The patient must be required to sign an informed consent form;
age 18-75 years old, male or female;
Eastern Cooperative Oncology Group (ECOG) fitness status score (PS score) 0;
Child-Pugh score A;
Histopathologically confirmed intrahepatic cholangiocarcinoma; consent to provide previously stored tumor tissue specimens or fresh biopsy tumor lesions;
unresectable ICC patients;
Functional indicators of vital organs meet the following requirements a Neutrophils ≥1.5109/L; platelets≥100109/L; hemoglobin≥9g/dl; serum albumin≥3g/dl; b Thyroid stimulating hormone (TSH) ≤ 1 times the upper limit of normal value(ULN), T3, T4 are in the normal range; c bilirubin ≤ 1.5 times ULN; Alanine aminotransferase （ALT） and Aspartate aminotransferase （AST） ≤ 1.5 times ULN; d serum creatinine ≤ 1.5 ULN, creatinine clearance rate ≥ 60ml / min;
The subject has at least 1 measurable liver lesion or non-liver lesion (according to RECIST 1.1);
Non-lactating or pregnant women, contraception during or after 3 months of treatment.

Exclusion Criteria:

pathological diagnosis of hepatocellular carcinoma, mixed liver cancer and other non-cholangiocarcinoma malignant tumor components;
patients who have received previous treatment with PD1 antibody, programmed death ligand -1 （PDL1） antibody or cytotoxic T lymphocyte-associated antigen-4 （CTLA4） antibody;
with other malignant tumors, except for fully treated non-melanoma skin cancer, cervical carcinoma in situ, and papillary thyroid carcinoma;
active tuberculosis infection. Patients with active tuberculosis infection within 1 year prior to enrollment; had a history of active tuberculosis infection more than 1 year before enrollment, did not receive formal anti-tuberculosis treatment or tuberculosis is still active;
Have an active, known or suspected autoimmune disease. Subjects who require only hormone replacement therapy for hypothyroidism and skin diseases that do not require systemic therapy may be enrolled;
previous interstitial lung disease, or (non-infectious) pneumonia and need oral or intravenous steroid therapy;
Long-term systemic hormones (dose equivalent to >10 mg prednisone/day) or any other form of immunosuppressive therapy are required.
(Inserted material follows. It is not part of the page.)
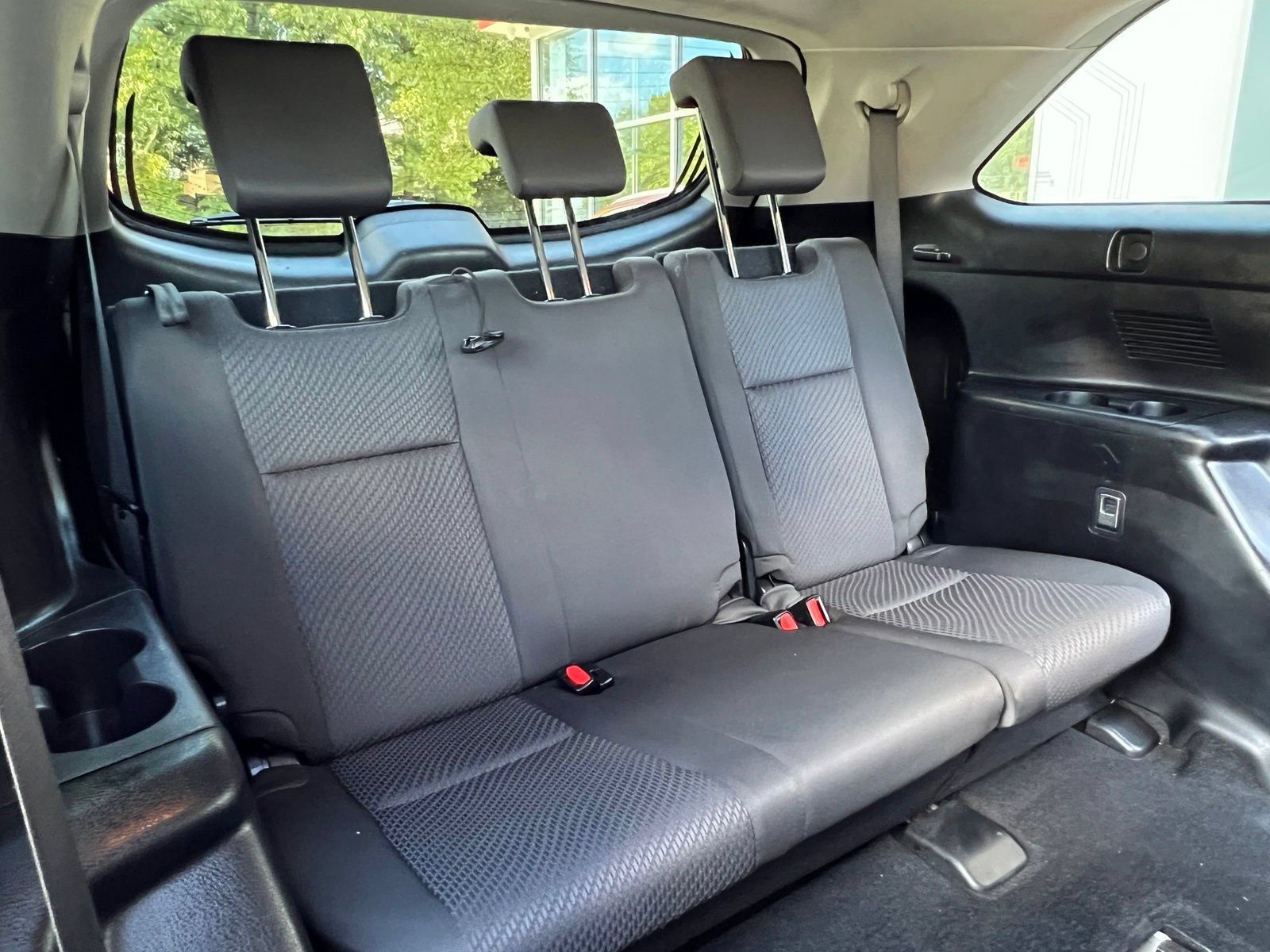 Used 2014 Toyota Highlander LE FWD image 15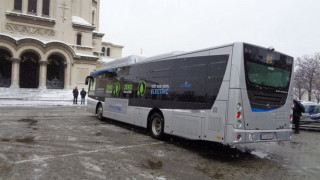 Нов електробус вози до летището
Subjects using inhaled or topical corticosteroids may be enrolled;
severe cardiopulmonary and renal dysfunction;
suffering from high blood pressure, and can not be well controlled by antihypertensive drugs (systolic blood pressure ≥140mmHg or diastolic blood pressure ≥90mmHg);
abnormal blood coagulation (PT>14s), with bleeding tendency or receiving thrombolytic or anticoagulant therapy;
hepatitis B virus （HBV） DNA>2000 copies/ml, hepatitis C virus （HCV） RNA>1000;
Significant clinically significant bleeding symptoms or a clear tendency to appear within 3 months prior to enrollment;
active infections requiring systemic treatment;
Human immunodeficiency virus (HIV) positive;
History of psychotropic substance abuse, alcohol abuse or drug abuse;
has a history of allergy to platinum;
Other factors that may influence the safety of the subject or the compliance of the test by the investigator. Serious illnesses (including mental illness), severe laboratory tests, or other family or social factors that require combined treatment.